GoogleContainerTools / kaniko

Build Container Images In Kubernetes
Apache License 2.0
14.87k stars 1.44k forks source link

Kaniko executor is failing with "error building image: error building stage: failed to get filesystem from image: error removing ./etc/ssl/certs to make way for new symlink: unlinkat /etc/ssl/certs/ca-bundle.crt: device or resource busy" #1692

Open jeffreymanning opened 3 years ago

jeffreymanning commented 3 years ago

Actual behavior OpenShift(4.7)/tekton/Kaniko(latest version) build environemnt. Running a tekton pipeline/pipelinerun build. This is a recent failure. This successfully built 3 months ago.

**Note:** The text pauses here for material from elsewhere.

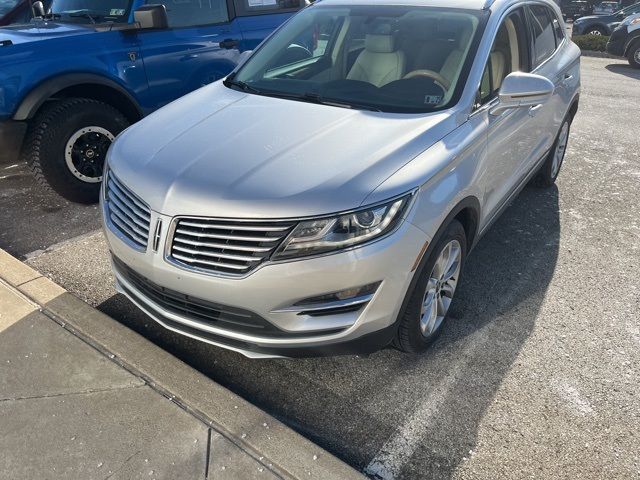 2015 Lincoln MKC Base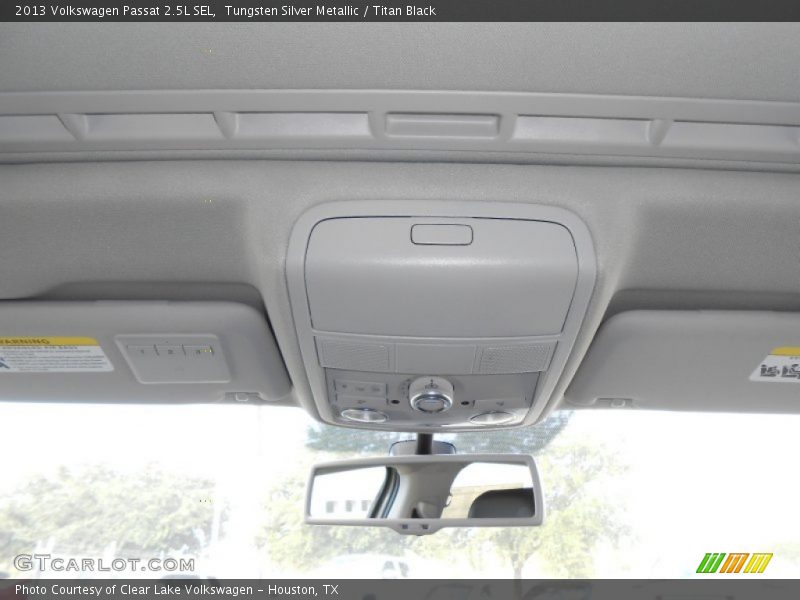 Tungsten Silver Metallic / Titan Black 2013 Volkswagen Passat 2.5L SEL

The source code is successsfully fetched from git. Context is setup Dockerfile is setup

The build fails:

INFO[0000] GET KEYCHAIN
INFO[0000] running on kubernetes ....
E0709 16:14:10.516002 14 aws_credentials.go:77] while getting AWS credentials NoCredentialProviders: no valid providers in chain. Deprecated. For verbose messaging see aws.Config.CredentialsChainVerboseErrors INFO[0006] Retrieving image manifest image-registry.openshift-image-registry.svc:5000/mitre/ubi:8.2 INFO[0006] Retrieving image image-registry.openshift-image-registry.svc:5000/mitre/ubi:8.2 from registry image-registry.openshift-image-registry.svc:5000 INFO[0006] GET KEYCHAIN
INFO[0007] Built cross stage deps: map[]
INFO[0007] Retrieving image manifest image-registry.openshift-image-registry.svc:5000/mitre/ubi:8.2 INFO[0007] Returning cached image manifest
INFO[0007] Executing 0 build triggers
WARN[0007] maintainer is deprecated, skipping
INFO[0007] Unpacking rootfs as cmd RUN echo "install update base os" && yum -y clean all && rm -rf /var/cache/yum && yum -y update && echo "install openssl packages" && INSTALL_SYSTEM_PKGS="openssl openssl-devel libcurl libcurl-devel" && yum install -y --setopt=tsflags=nodocs ${INSTALL_SYSTEM_PKGS} && echo "install base needs packages" && INSTALL_PKGS="wget ca-certificates curl net-tools git zip unzip vim lsof nmap time jq tar" && yum install -y --setopt=tsflags=nodocs ${INSTALL_PKGS} && yum clean all requires it. error building image: error building stage: failed to get filesystem from image: error removing ./etc/ssl/certs to make way for new symlink: unlinkat /etc/ssl/certs/ca-bundle.crt: device or resource busy

Expected behavior a successful docker build

Additional Information Task/step:

Dockerfile: ARG REGISTRY=image-registry.openshift-image-registry.svc:5000 ARG BASE_IMAGE=mitre/ubi:latest FROM $REGISTRY/$BASE_IMAGE

ENV USER_NAME=default \ USER_UID=1000 \ APP_ROOT=/opt/app-root

ENV APP_HOME=${APP_ROOT} ENV PATH=$PATH:${APP_ROOT}/bin

RUN echo "install update base os" && \ yum -y clean all && \ rm -rf /var/cache/yum && \ yum -y update && \ echo "install openssl packages" && \ INSTALL_SYSTEM_PKGS="openssl openssl-devel libcurl libcurl-devel" && \ yum install -y --setopt=tsflags=nodocs ${INSTALL_SYSTEM_PKGS} && \ echo "install base needs packages" && \ INSTALL_PKGS="wget ca-certificates curl net-tools git zip unzip vim lsof nmap time jq tar" && \ yum install -y --setopt=tsflags=nodocs ${INSTALL_PKGS} && \ yum clean all

RUN mkdir -p ${APP_HOME} COPY bin/ ${APP_ROOT}/bin/

RUN chmod -Rf +x ${APP_ROOT}/bin && sync && \ groupadd -g ${USER_UID} ${USER_NAME} && \ useradd -u ${USER_UID} -g ${USER_NAME} ${USER_NAME} && \ usermod -aG root ${USER_NAME} && \ chown -Rf ${USER_NAME}:root ${APP_ROOT} && \ chmod -Rf g+w ${APP_ROOT}

USER ${USER_UID} WORKDIR ${APP_ROOT} CMD ${APP_ROOT}/bin/run

Context: PVC: workspaces:

sebastianmulders commented 3 years ago

Unfortunately we're experiencing the same issue. Did quite a lot of research and trial and erroring, but could not find a fix just yet. Not sure whether the issue lies within Kaniko or Tekton. Tekton seems to be mounting certain volumes.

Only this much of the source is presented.